DUT Anti-UAV Dataset

Updated 31 December 2025

DUT Anti-UAV dataset is a curated benchmark for vision-based UAV detection and tracking with detailed manual annotations and varied scene conditions.
It is structured into dedicated detection and tracking subsets, enabling rigorous evaluation using standard metrics like IoU, precision, and mAP.
The dataset supports detection-fused tracking and open MIT licensing, fostering advancements in anti-UAV surveillance research.

The DUT Anti-UAV dataset is a curated benchmark designed for computer vision-based UAV detection and tracking, addressing the growing demand for effective anti-UAV surveillance strategies in complex visual environments.
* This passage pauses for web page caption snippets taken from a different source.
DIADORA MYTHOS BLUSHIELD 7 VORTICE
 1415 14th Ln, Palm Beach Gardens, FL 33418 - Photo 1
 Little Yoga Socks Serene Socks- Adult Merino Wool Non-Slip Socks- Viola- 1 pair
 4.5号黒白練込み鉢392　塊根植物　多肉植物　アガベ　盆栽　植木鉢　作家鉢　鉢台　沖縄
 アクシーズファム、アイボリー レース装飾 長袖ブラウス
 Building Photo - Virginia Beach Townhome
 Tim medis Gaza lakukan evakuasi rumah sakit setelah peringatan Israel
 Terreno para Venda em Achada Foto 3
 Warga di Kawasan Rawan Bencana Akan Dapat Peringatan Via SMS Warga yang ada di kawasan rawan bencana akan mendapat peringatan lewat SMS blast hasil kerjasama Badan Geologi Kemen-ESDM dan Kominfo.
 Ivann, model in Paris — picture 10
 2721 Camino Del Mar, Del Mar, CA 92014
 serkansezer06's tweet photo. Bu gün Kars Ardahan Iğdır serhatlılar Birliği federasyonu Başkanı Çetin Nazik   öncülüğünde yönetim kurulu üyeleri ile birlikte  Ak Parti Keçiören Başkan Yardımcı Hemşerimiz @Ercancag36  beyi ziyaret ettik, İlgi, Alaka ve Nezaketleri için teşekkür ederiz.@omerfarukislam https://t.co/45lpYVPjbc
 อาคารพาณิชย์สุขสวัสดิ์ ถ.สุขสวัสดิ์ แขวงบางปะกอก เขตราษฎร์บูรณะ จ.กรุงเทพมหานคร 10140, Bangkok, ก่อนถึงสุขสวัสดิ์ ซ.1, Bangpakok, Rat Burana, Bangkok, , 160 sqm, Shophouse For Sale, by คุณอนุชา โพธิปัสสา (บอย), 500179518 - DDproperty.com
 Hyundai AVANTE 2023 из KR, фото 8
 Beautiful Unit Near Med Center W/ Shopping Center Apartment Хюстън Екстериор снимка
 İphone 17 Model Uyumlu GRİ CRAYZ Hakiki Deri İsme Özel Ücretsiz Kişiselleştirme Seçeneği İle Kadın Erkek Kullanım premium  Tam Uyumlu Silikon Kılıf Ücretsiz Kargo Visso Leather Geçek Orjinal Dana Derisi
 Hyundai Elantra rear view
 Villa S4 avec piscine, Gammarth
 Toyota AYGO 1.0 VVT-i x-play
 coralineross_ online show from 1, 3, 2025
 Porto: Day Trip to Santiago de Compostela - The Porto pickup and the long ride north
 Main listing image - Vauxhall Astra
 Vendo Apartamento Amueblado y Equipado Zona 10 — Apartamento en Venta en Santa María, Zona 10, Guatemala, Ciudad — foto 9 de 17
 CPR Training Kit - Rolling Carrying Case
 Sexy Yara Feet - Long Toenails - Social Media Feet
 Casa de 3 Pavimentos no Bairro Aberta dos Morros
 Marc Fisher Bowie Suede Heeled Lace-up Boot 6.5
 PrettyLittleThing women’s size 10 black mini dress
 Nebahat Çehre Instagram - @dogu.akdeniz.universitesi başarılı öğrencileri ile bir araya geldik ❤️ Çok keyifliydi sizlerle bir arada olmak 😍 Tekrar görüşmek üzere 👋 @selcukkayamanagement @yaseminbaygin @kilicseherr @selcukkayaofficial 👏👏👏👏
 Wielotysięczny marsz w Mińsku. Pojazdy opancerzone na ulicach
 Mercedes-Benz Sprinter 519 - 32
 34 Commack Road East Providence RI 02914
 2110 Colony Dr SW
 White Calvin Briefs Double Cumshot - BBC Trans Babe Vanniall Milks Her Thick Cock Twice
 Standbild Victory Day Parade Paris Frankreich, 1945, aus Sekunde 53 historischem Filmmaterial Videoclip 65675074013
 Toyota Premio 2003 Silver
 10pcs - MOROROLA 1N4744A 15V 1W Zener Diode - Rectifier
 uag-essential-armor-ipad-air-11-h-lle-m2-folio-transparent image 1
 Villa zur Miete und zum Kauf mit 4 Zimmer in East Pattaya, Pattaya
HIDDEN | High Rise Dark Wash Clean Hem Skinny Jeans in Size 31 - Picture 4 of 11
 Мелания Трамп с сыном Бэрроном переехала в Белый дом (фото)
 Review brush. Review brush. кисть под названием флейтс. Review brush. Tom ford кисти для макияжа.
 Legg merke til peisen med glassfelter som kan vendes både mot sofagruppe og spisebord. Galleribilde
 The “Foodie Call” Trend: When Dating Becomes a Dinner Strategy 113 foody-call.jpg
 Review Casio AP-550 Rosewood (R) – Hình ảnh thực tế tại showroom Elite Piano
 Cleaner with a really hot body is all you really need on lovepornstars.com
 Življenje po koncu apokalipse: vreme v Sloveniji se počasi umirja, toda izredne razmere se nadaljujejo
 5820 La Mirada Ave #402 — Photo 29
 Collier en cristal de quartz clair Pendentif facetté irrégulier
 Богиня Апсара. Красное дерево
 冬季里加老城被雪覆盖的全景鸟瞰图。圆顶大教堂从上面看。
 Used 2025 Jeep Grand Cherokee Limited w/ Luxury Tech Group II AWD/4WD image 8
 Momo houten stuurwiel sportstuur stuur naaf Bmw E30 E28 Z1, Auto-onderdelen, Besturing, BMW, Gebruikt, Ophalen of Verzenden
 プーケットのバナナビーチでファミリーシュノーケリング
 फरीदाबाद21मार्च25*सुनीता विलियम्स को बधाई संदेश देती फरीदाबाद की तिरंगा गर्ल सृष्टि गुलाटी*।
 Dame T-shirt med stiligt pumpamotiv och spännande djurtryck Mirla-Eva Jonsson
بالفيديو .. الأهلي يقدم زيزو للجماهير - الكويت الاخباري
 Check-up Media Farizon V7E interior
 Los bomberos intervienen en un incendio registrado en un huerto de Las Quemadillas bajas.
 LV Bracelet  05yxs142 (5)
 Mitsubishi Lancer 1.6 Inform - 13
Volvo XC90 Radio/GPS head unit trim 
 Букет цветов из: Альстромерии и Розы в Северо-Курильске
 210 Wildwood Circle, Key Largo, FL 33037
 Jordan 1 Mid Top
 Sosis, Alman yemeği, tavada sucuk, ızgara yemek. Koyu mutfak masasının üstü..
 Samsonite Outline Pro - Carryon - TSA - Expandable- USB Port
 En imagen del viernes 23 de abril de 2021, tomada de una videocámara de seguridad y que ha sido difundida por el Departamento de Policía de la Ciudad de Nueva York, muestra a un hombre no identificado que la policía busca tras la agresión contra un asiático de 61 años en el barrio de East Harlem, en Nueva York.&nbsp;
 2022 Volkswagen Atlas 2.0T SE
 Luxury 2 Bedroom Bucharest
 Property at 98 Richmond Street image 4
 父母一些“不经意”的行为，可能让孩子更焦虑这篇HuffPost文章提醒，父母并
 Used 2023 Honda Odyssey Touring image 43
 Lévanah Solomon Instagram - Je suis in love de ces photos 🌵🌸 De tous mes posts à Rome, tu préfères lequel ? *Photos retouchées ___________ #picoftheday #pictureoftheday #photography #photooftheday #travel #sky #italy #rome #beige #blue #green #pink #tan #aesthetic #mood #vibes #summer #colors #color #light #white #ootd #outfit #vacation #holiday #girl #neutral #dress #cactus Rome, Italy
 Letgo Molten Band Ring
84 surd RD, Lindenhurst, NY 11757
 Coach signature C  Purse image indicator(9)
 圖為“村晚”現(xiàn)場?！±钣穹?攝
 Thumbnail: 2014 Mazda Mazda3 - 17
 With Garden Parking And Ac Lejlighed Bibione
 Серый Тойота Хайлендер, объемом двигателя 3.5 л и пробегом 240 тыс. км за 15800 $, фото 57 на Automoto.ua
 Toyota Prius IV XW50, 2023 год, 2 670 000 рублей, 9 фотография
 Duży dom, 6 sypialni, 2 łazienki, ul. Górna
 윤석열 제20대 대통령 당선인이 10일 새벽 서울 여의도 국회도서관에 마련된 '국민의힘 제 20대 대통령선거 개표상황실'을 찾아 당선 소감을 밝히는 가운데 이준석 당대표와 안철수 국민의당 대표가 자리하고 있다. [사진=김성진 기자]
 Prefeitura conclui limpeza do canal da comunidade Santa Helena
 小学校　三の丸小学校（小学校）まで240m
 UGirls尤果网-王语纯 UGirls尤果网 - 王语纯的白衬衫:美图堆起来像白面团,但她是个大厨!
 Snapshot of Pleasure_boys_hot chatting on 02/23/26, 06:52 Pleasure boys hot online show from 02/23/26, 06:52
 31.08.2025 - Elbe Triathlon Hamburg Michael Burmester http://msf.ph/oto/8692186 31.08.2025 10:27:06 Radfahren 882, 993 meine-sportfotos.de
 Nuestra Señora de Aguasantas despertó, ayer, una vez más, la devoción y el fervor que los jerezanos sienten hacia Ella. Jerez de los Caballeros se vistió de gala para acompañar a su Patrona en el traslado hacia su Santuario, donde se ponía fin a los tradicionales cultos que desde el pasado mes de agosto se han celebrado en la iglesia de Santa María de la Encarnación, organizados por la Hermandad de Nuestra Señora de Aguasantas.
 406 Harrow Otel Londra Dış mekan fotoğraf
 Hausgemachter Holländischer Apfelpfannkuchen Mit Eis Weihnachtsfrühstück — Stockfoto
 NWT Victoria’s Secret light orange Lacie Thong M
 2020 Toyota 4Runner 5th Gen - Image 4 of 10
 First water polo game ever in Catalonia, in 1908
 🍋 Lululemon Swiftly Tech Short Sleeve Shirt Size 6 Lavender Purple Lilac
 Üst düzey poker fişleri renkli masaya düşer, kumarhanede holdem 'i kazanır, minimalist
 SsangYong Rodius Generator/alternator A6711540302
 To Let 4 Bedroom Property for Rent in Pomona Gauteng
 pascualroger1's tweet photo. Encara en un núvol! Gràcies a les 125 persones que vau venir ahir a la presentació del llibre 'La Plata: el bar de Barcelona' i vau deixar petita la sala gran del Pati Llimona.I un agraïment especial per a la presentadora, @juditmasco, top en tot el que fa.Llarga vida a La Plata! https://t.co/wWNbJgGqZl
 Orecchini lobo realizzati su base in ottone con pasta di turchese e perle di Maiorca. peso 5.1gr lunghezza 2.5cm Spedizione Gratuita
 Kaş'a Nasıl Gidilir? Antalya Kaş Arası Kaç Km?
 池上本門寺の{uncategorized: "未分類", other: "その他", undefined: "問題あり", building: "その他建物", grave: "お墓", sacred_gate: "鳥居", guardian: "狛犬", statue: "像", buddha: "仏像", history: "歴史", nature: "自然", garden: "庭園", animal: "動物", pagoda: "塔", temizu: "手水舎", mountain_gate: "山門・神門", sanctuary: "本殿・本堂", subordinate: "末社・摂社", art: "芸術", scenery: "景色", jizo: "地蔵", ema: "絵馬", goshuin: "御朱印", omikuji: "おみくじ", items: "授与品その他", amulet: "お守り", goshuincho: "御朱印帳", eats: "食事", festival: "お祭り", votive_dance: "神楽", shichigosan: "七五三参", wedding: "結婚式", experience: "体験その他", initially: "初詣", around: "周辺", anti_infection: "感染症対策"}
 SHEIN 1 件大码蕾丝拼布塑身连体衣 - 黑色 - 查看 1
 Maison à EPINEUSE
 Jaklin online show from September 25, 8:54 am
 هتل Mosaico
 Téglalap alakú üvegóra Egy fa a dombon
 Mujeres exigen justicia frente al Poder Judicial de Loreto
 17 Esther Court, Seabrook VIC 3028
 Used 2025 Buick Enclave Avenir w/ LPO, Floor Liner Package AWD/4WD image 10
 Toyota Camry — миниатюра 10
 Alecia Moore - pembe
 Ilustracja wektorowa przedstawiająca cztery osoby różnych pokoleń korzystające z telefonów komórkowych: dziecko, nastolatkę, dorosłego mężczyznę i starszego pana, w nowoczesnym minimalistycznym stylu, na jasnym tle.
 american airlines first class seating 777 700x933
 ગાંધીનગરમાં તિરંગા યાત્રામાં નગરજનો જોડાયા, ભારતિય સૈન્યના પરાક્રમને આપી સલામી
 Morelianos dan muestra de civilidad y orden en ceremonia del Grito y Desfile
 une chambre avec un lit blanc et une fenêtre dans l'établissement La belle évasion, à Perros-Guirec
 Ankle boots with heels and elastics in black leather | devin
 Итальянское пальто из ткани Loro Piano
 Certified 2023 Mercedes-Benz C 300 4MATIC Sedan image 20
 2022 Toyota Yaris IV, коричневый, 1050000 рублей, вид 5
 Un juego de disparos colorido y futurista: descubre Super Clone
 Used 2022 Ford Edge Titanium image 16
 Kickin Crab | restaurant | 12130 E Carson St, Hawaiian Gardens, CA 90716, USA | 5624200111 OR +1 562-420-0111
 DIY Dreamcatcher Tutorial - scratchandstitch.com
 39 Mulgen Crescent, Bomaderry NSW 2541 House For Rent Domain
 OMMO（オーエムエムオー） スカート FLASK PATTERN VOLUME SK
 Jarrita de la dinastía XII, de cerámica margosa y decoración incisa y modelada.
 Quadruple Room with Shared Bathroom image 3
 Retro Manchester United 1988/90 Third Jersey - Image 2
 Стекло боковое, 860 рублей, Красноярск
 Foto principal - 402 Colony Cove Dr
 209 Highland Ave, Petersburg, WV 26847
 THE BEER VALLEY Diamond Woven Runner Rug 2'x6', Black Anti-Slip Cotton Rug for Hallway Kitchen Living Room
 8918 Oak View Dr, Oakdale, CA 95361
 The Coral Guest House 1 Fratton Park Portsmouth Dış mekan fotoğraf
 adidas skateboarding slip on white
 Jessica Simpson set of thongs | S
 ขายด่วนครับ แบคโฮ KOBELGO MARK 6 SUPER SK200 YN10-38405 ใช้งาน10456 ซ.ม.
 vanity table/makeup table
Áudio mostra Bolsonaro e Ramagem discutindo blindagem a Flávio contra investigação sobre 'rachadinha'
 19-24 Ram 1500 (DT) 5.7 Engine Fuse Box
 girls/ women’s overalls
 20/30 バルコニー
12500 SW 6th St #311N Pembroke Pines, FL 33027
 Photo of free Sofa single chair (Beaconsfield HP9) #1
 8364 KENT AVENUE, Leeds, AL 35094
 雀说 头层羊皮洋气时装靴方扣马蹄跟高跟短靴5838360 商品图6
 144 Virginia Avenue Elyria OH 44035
Developed by Dalian University of Technology, the dataset comprises visible-light imagery and video sequences with precise manual annotations, facilitating rigorous evaluation of state-of-the-art detection and tracking algorithms. It is structured into dedicated detection and tracking subsets and is released under the MIT license, enabling broad academic and commercial usage (Zhao et al., 2022).

1. Dataset Structure and Annotation Protocol

Detection Subset

The detection set contains 10,000 images partitioned into training (5,200 images; 5,243 UAV annotations), validation (2,600; 2,621), and test (2,200; 2,245) splits. Each instance of the sole “UAV” class is labeled using an axis-aligned bounding box ( $(x_{min}, y_{min}, w, h)$ ; units in pixels) and typically recorded as:

1	000123.jpg, x_min=345, y_min=120, w=48, h=30, class="uav"

Over 35 distinct UAV types are represented, spanning rotorcraft and fixed-wing models. Scene diversity includes urban (high-rises, parking lots), rural (fields, forests), varied weather (sunny, cloudy, snowy), and broad temporal coverage (dawn/dusk, day, night).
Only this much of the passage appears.